# Buying an A6 what should i look out for



## MKIIIVWburg (Oct 21, 2004)

Just wondering what are some common problems. car has 66k. A6 2.8 quattro.


----------



## BHB (Oct 26, 2004)

timing belt will need to be replaced between 80 and 100,000 miles


----------



## MKIIIVWburg (Oct 21, 2004)

thanks, they put a new water pump in recently so thats a plus.


----------



## sieben (Nov 23, 2002)

*Re: Buying an A6 what should i look out for (MKIIIVWburg)*

Consumer reports says a used A6 is a "car to avoid."
That said, I like my A6; it's a bit slow (200 HP/4000 lb wagon) but it is solid, and it is a family hauler, so maybe it's better it doesn't have 300 or 400 HP....
[if you can find a 2002 or newer model in your budget, it will have a 3 liter 220 HP engine; a little peppier]
Goes through brakes and tires (7x16 on a 4000 lb car) really quickly; rotors usually need to be replaced every time the pads are; you should upgrade to A8 brakes if it has not already been done;
we had to replace pads and rotors after 37k (of mostly my wife's tame driving).
Timing belt and WP already mentioned; well known on all 2.8 liter engnies; do it way before the manual's suggested service interval (like 75% of the interval- some say as early as 60k miles.)
Valve cover gaskets tend to leak; had the issue on our A6 and I think I have it on my A4 (same engine); not sure how common that is. 
I've heard about tiptronic problems (torque converter?) but not experienced them.
Miscellaneous electrical problems are often touted, but I have only experienced an issue with the power seats and memory seating positions going haywire; was an easy fix. 
I assume you mean a sedan, but for the record, the A6 Avant (and outgoing allroad) is the largest station wagon available in the US. Even more rear seat room than the new/current 5-series wagon and E-class wagon and volvo 70-series wagons. Anything larger is really an SUV or crossover. The new A6 Avant will be even bigger. 
LCDs in center of instrument cluster (info center) tend to weaken and fade; common to all C5 and B5 audis, not just A6s. 
Be sure to get one with xenons as the stock halogens in Audis (generally) are wimpy.
Check the C5 A6 forum on audiworld, it's much more active over there.
MOST OF ALL: Unless you're getting the car dirt cheap, like < $10k, be sure you get an Audi with remaining factory warranty or Audi assured. The $1000 cost of the assured warranty is WELL worth it. 
HTH, YMMV and other such comments. 
Good luck.


----------



## VeeDub13 (Jan 17, 2003)

*Re: Buying an A6 what should i look out for (silver30v)*

Read your feedbacks and was curious did you ever manage to solve the LCD fading problem in the instrument cluster?


----------



## sieben (Nov 23, 2002)

*Re: Buying an A6 what should i look out for (VeeDub13)*


_Quote, originally posted by *VeeDub13* »_Read your feedbacks and was curious did you ever manage to solve the LCD fading problem in the instrument cluster?
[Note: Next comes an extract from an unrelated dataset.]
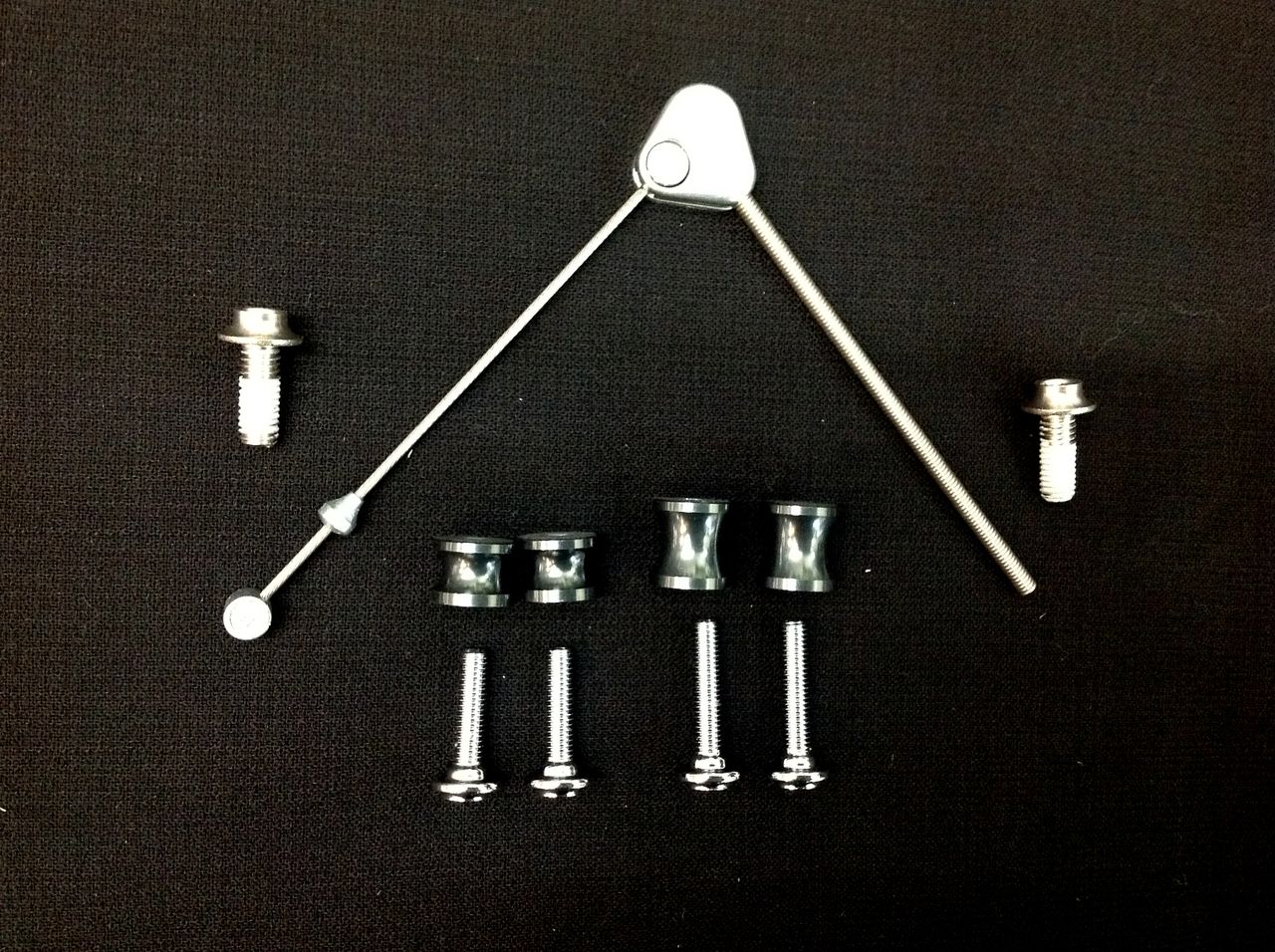 カンチブレーキ”魔の三角形” その2 【橋輪Blog】 : 橋輪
yes, the solution is (1) make sure the car is under warranty and (2) have a dealer replace the cluster (entire cluster inc. speedo and tacho) 
had it done on my A4 at 85k miles and my A6 at ~70 k miles


----------



## MKIIIVWburg (Oct 21, 2004)

are b5 passat parts direct replacements, i thought it was the same platform?


----------



## audi403 (Jan 8, 2005)

*Re: Buying an A6 what should i look out for (silver30v)*


_Quote, originally posted by *silver30v* »_you should upgrade to A8 brakes if it has not already been done

could you explain this upgrade? Thanks.


----------